Quality-aware circuit breaker for production ML pipelines.

PyPI Python ≥3.9 MIT License CI


The Problem

Standard circuit breakers trip on HTTP errors and latency. ML pipelines fail softly — the service returns 200, latency is fine, but model quality has degraded (low-confidence outputs, bad embeddings, hallucinated content). No existing library catches this. ml-breaker lets engineers define quality-based trip conditions using the model's own outputs.


Quick Start

pip install ml-breaker
from ml_breaker import circuit_breaker, CircuitBreakerOpen
from ml_breaker._conditions import consecutive_failures

@circuit_breaker(
    trip_on=consecutive_failures(5),
    fallback=lightweight_model,
    half_open_after=30,
)
def call_reranker(query, candidates):
    return reranker_model(query, candidates)

Quality Signals

Two ways to emit quality:

# Option A: report_quality() — when validation logic is complex
@circuit_breaker(trip_on=quality_below(threshold=0.7, window=20), ...)
def call_reranker(query, candidates):
    result = reranker_model(query, candidates)
    report_quality(result.confidence)   # emits to context side-channel
    return result                       # return type unchanged

# Option B: score_fn — when quality is directly on the return value
@circuit_breaker(
    trip_on=quality_below(threshold=0.7, window=20, score_fn=lambda r: r.confidence),
    ...
)
def call_reranker(query, candidates):
    return reranker_model(query, candidates)

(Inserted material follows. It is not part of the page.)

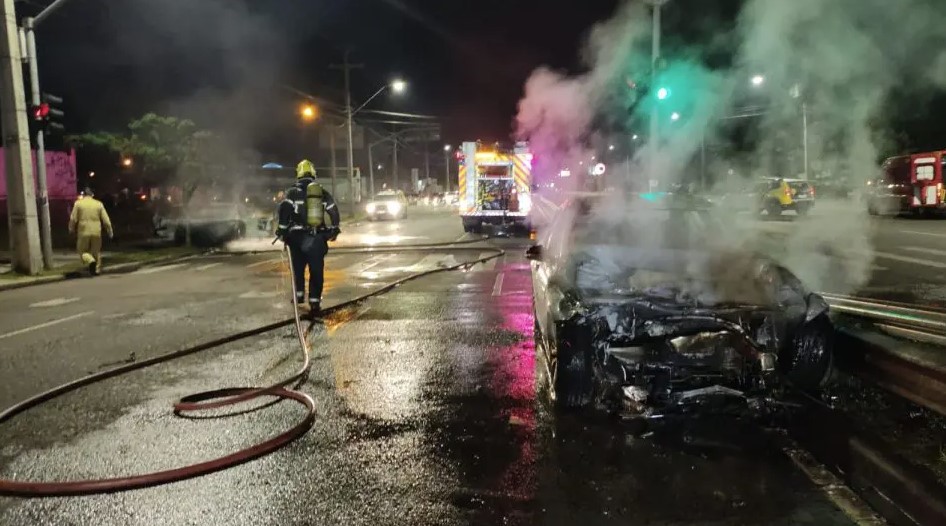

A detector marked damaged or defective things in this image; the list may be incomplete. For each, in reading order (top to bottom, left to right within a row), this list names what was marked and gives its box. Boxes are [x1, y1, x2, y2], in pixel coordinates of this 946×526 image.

burned vehicle [528, 194, 828, 416]
charred wreckage [532, 196, 832, 418]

report_quality wins if both are present.

Set require_quality_signal=True on the decorator to enforce that every call emits a quality score — useful when strict instrumentation is required and silent omissions should raise immediately.


State Machine

CLOSED ──(condition trips)──► OPEN ──(half_open_after s)──► HALF_OPEN
  ▲                                                               │
  └──(recovery_threshold probes pass)────────────────────────────┘
                                          │
  OPEN ◄──(any probe fails)───────────────┘
State Behavior
CLOSED Normal operation. Conditions are evaluated on every call.
OPEN All calls are rejected immediately (or routed to fallback). No traffic reaches the model.
HALF_OPEN A limited number of probe calls are allowed through to test recovery.

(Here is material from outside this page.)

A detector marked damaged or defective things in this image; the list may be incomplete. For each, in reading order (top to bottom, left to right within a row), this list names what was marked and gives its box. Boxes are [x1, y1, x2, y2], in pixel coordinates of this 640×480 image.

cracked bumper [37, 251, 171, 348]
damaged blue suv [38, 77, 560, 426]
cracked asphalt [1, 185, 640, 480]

recovery_threshold defaults to 2 — one successful probe is too fragile for ML workloads where a single lucky call is not a reliable signal.


Built-in Conditions

Condition Signature Trips when
quality_below (threshold, window=20, score_fn=None) rolling mean of quality scores over full window drops below threshold
latency_above (threshold_ms, window=20) all latencies in full window exceed threshold
error_rate_above (rate, window=20) error rate over full window exceeds rate
consecutive_failures (n) n consecutive errors (no window)

window is a call count, not a time window.


Composing Conditions

from ml_breaker import any_of, all_of

trip_on=any_of(quality_below(0.7, window=20), latency_above(2000, window=10))
trip_on=all_of(error_rate_above(0.3, window=50), consecutive_failures(3))

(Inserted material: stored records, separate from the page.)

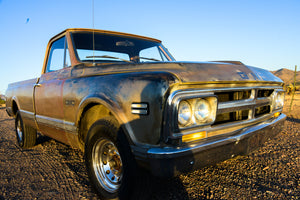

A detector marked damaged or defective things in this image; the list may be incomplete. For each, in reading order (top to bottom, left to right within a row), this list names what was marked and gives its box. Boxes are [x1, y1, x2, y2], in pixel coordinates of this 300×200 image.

rusty hood [74, 61, 282, 83]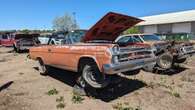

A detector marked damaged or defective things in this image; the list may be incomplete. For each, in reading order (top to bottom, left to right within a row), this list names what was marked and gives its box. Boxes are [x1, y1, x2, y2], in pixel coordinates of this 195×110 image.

rusty vehicle [13, 32, 40, 52]
rusty vehicle [29, 12, 157, 89]
rusty vehicle [116, 34, 195, 72]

Each condition in a composition maintains independent state and window — any_of and all_of do not share a merged buffer.


Fallback Strategies

Three forms are supported:

# 1. Callable — called with the same args as the guarded function
@circuit_breaker(trip_on=..., fallback=lightweight_model)
def call_reranker(query, candidates):
    return reranker_model(query, candidates)

# 2. Static value — returned as-is when the breaker is open
@circuit_breaker(trip_on=..., fallback=[])
def call_reranker(query, candidates):
    return reranker_model(query, candidates)

# 3. No fallback — raises CircuitBreakerOpen
@circuit_breaker(trip_on=...)
def call_reranker(query, candidates):
    return reranker_model(query, candidates)

try:
    result = call_reranker(query, candidates)
except CircuitBreakerOpen as e:
    print(e.name)        # breaker name
    print(e.state)       # State.OPEN
    print(e.trip_count)  # number of times this breaker has tripped

Registry & Inspection

cb = my_fn.breaker                # attached to decorated function
cb = CircuitBreaker.get("name")   # global registry lookup

cb.state        # State.CLOSED | State.OPEN | State.HALF_OPEN
cb.trip_count   # int
cb.reset()      # force back to CLOSED — useful in tests
CircuitBreaker.all()  # dict[str, CircuitBreaker]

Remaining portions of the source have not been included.